____ Excerpted records
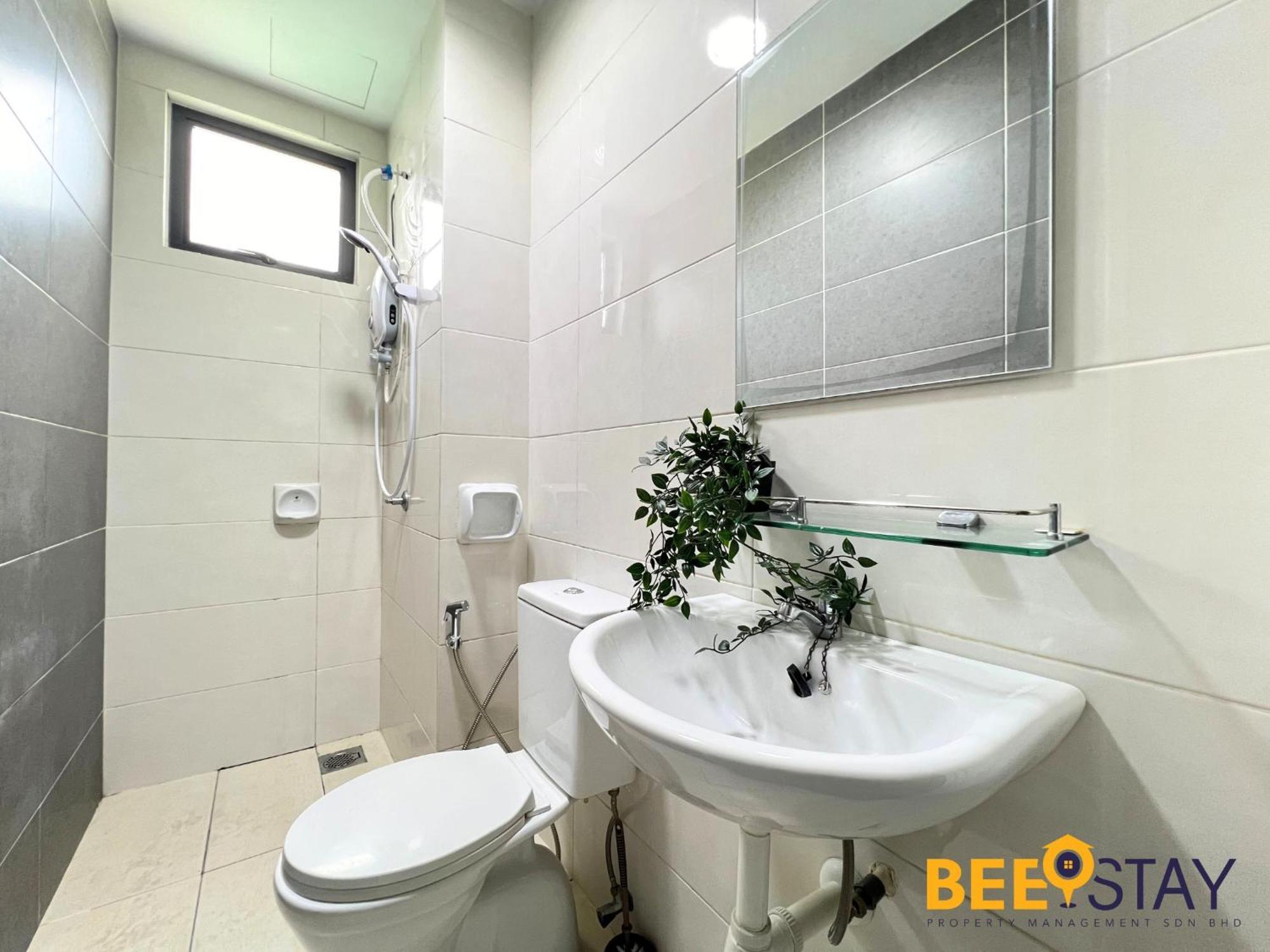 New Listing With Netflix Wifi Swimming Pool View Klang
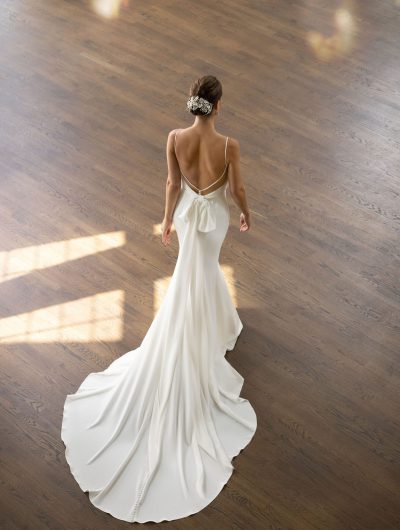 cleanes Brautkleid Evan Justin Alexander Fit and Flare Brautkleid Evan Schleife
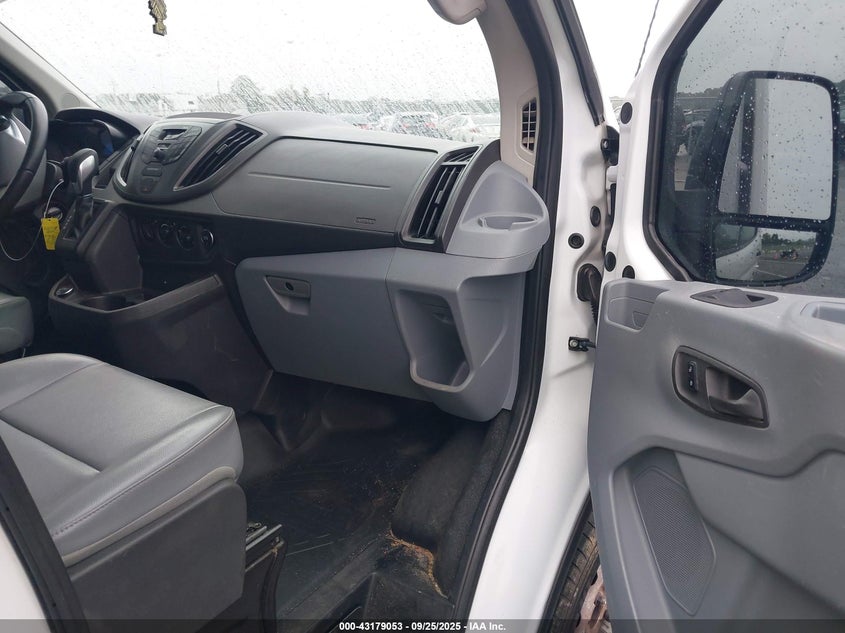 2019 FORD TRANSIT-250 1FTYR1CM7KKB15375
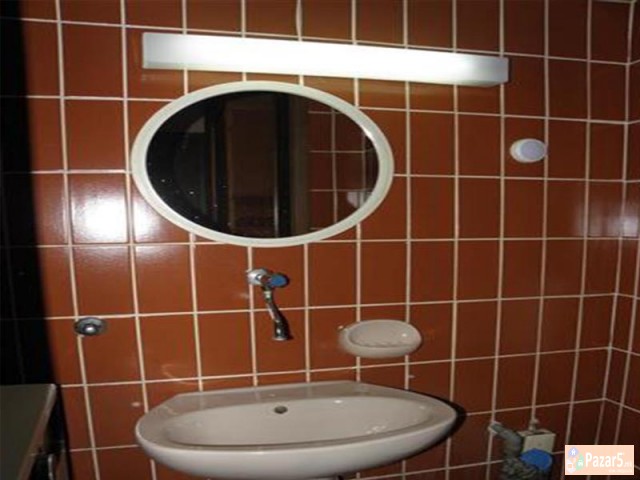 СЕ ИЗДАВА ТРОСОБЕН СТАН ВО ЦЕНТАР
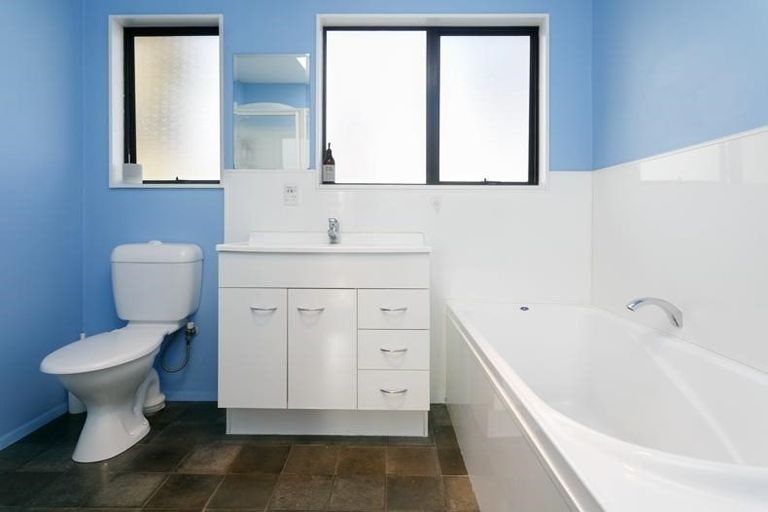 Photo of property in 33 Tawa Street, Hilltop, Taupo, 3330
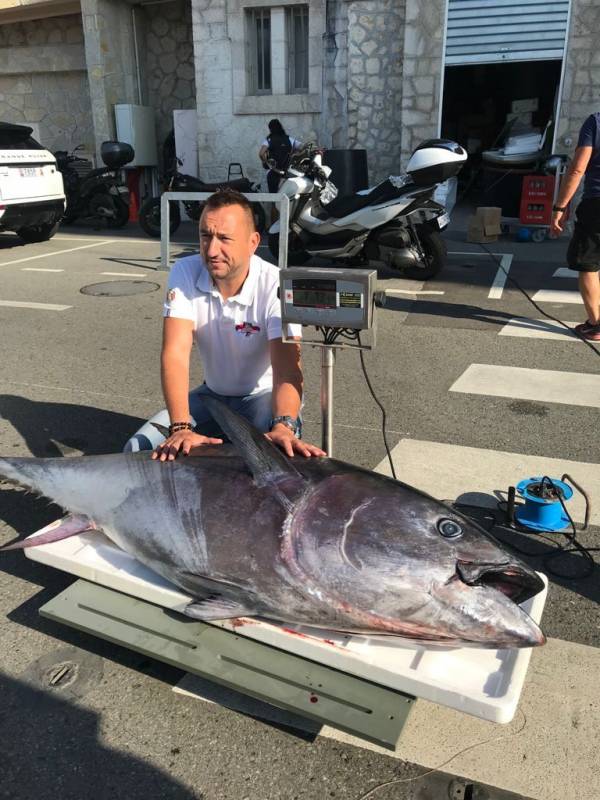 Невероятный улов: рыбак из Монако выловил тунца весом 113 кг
________
**Problem to work on:** The job is to copy all the records precisely while omitting any picture.

**Task response:**
 New Listing With Netflix Wifi Swimming Pool View Klang
 cleanes Brautkleid Evan Justin Alexander Fit and Flare Brautkleid Evan Schleife
 2019 FORD TRANSIT-250 1FTYR1CM7KKB15375
 СЕ ИЗДАВА ТРОСОБЕН СТАН ВО ЦЕНТАР
 Photo of property in 33 Tawa Street, Hilltop, Taupo, 3330
 Невероятный улов: рыбак из Монако выловил тунца весом 113 кг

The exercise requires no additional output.